What am I talking about? Relationship anxiety. It’s something we don’t talk about enough...not in between the rom coms and Hollywood love stories, at least. We don’t exactly have friends walking up to us, ready to let us know that whatever we’re feeling is okay. Plus, more often than not, we’re afraid to share what we really feel because someone - who doesn’t know what they’re talking about - might tell us that “doubt means don’t”. (Seriously, guys, doubt doesn’t automatically mean don’t in other areas of life and it doesn’t here either. #hellofear)
I’m talking about relationship anxiety and I want to make sure I’m clear...
Relationship anxiety is something that (sometimes) arises in a healthy, available relationship. In fact, the relationship anxiety usually comes because we’re more in love - or there’s a greater capacity for love - than ever before. This is very different from a relationship with (what Sheryl Paul of Conscious Transitions calls) “red flags”. If you’re experiencing red flags (which I recommend heading over to Sheryl’s blog to better understand), then you might be in a relationship that needs to end. But, if you’re in a generally healthy, open, and safe relationship, then any anxiety you might be feeling is just that - anxiety.
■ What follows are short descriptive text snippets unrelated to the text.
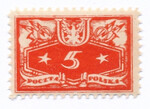 U02 ząbkowanie ZL 11½ czysty** Znaczki urzędowe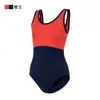 Leotardo de Danza sin Mangas Color Block para Niñas, Atuendo de Ballet y Gimnasia, En Stock Venta al por Mayor de Fábrica para Clases de Danza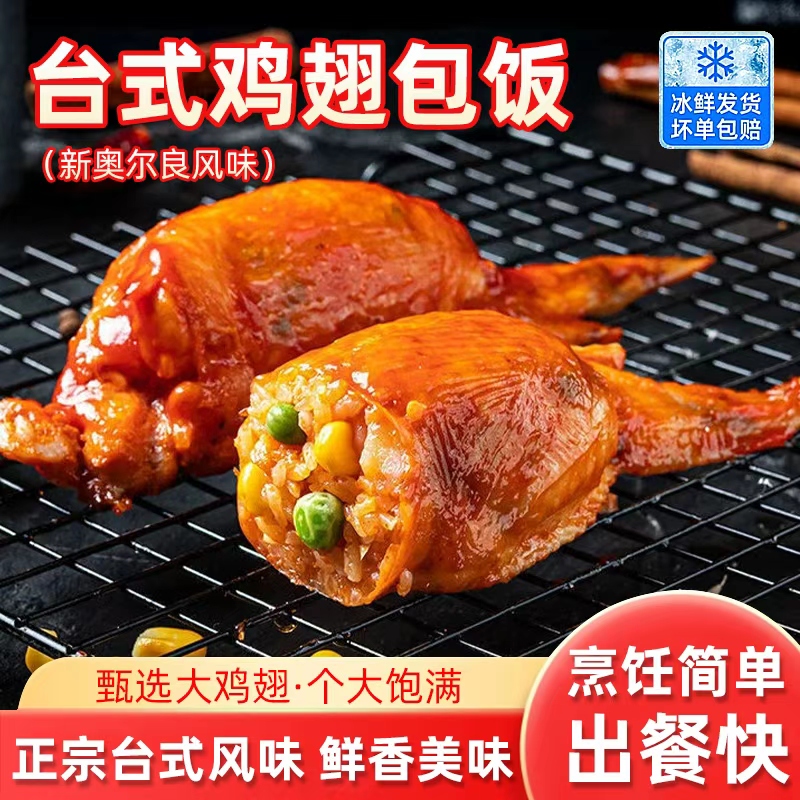 奥尔良鸡翅包饭油炸烧烤商用食材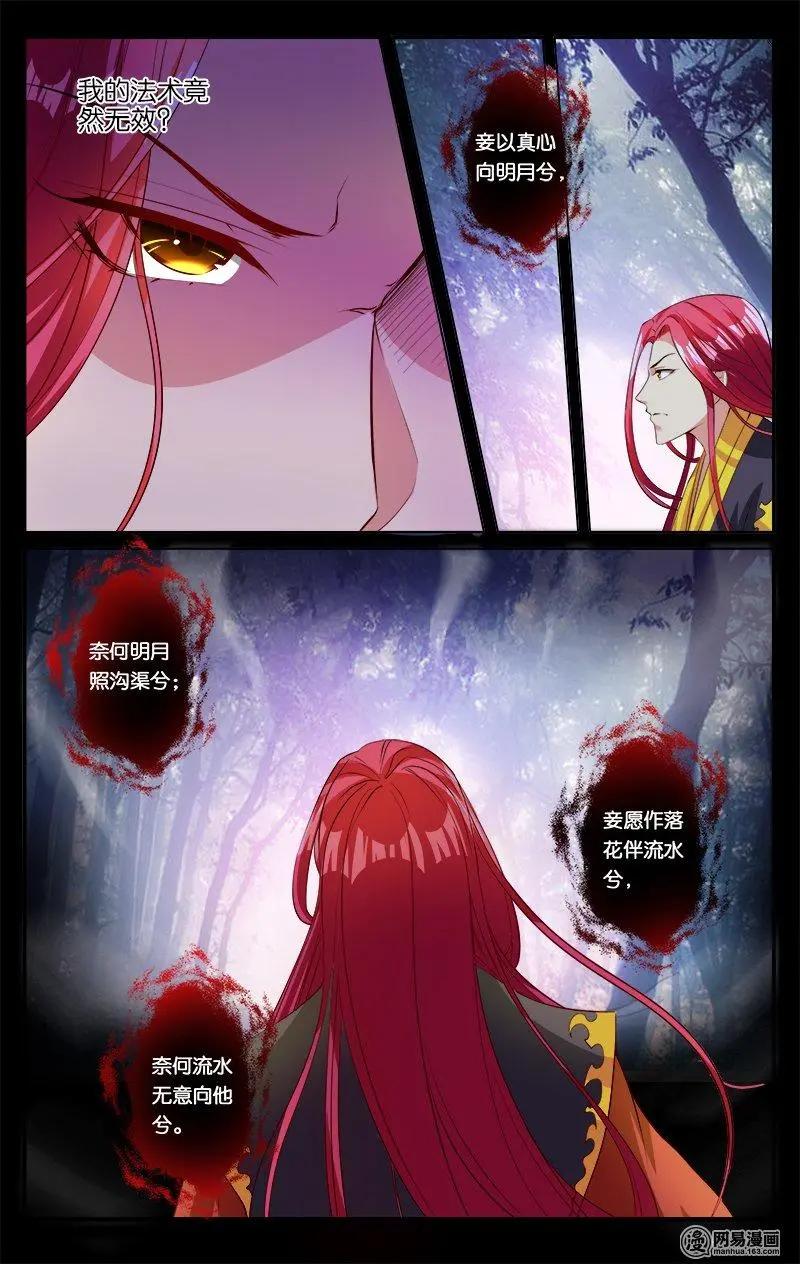 第43回 反击之战-第45话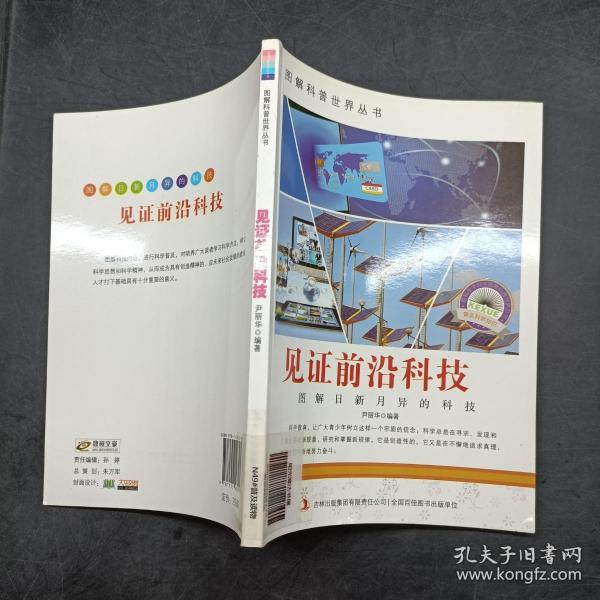 版本_版本馆_版本是什么意思
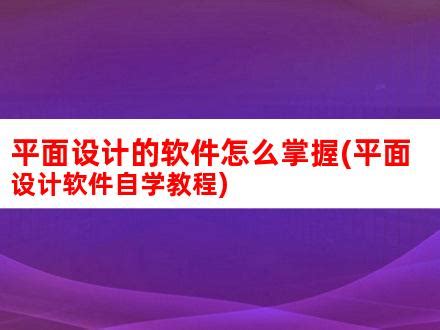 平面设计师需要掌握哪些技能？-有数设计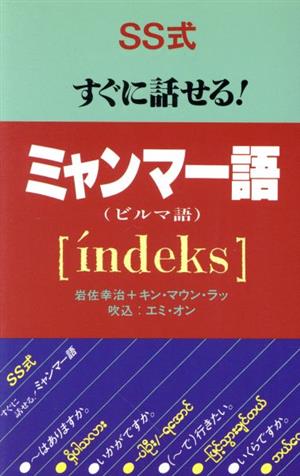 SS式すぐに話せる！ミャンマー語 i´ndeks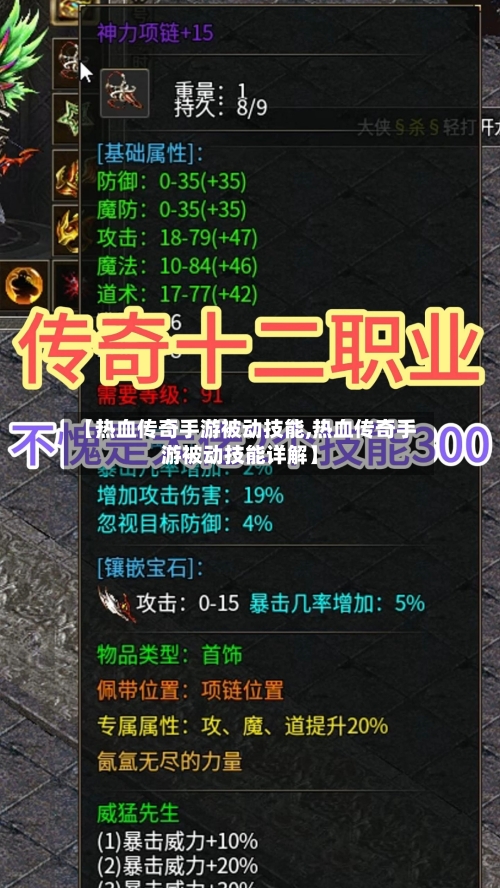 【热血传奇手游被动技能,热血传奇手游被动技能详解】-第3张图片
I’m a highly sensitive person, so it should have been no surprise that when Jon and I got engaged, I felt the transition full on. In fact, we didn’t just get engaged. We got engaged, we started planning our wedding, we built a house, we moved into that house, and we got a dog. It was a lot over the course of a year.
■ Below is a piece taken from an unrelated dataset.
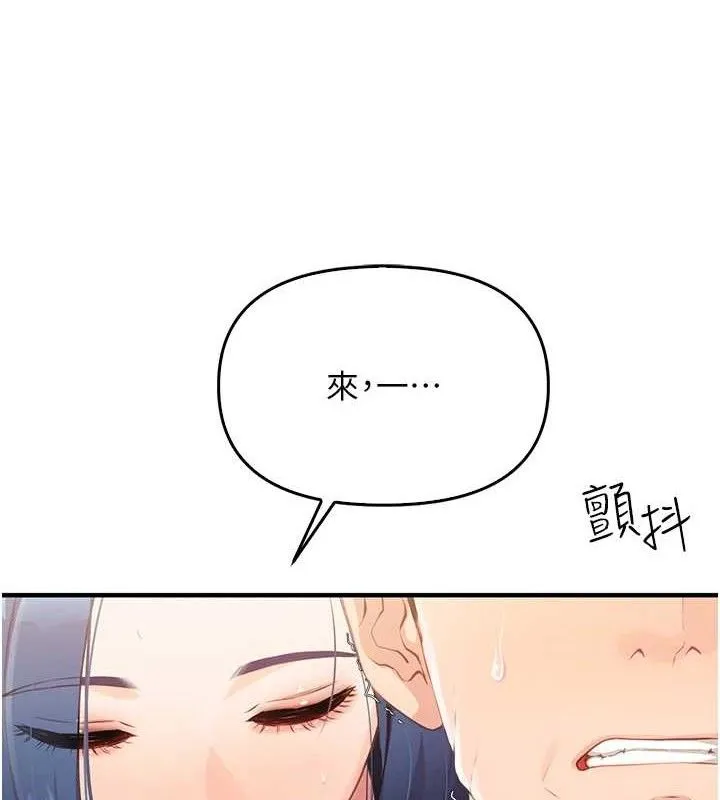 报告女班长_一根突起 第2话-令人小头充血的健身运动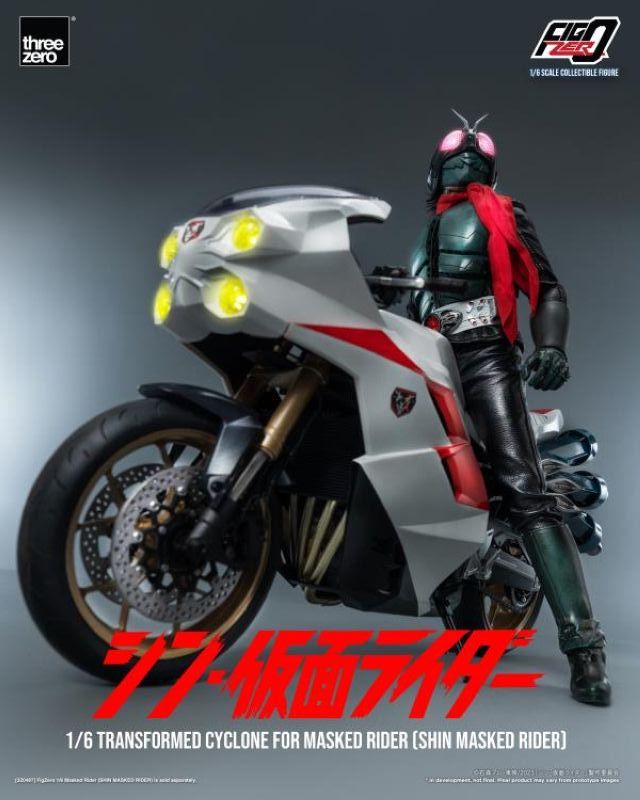 [In stock] Threezero 3Z04900W0 Shin Kamen Rider FigZero Transformed Cyclone for Masked Rider Figure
But, the thing about anxiety is that it doesn’t just say “Hey, Kel. You’ve got a lot of transition rockin' and rollin' right now, so things are gonna feel a bit unstable. Just feel into that uncertainty, and know everything you’re feeling is normal. In fact, the only reason you might have some anxious thoughts popping up is because you’re opening yourself up to more LOVE than ever before. A marriage. A family. A home to live in with that family. That’s a lot of love you’re bringing into your life and, if we’re honest, that’s kinda scary. Because love opens you up to loss. And the more love? Well, the bigger the loss. So, the anxiety you’re feeling? It’s because deep down, you’re scared. Scared to love - but only because you’re scared to lose. Any anxiety that pops up - even the stuff that feels out of control or overwhelming or real - it’s just popping up because a part of you - that part that doesn’t know if it can handle loss - is trying to do whatever she can to make you walk away. Not because there’s anything wrong, but because you’re loving harder and bigger and more openly than you’ve ever loved before. And that, my friend, is scary. So, hear what she has to say, then call her out for what she represents: fear. After that, tell her you’re going to be just fine. You're going to choose love.”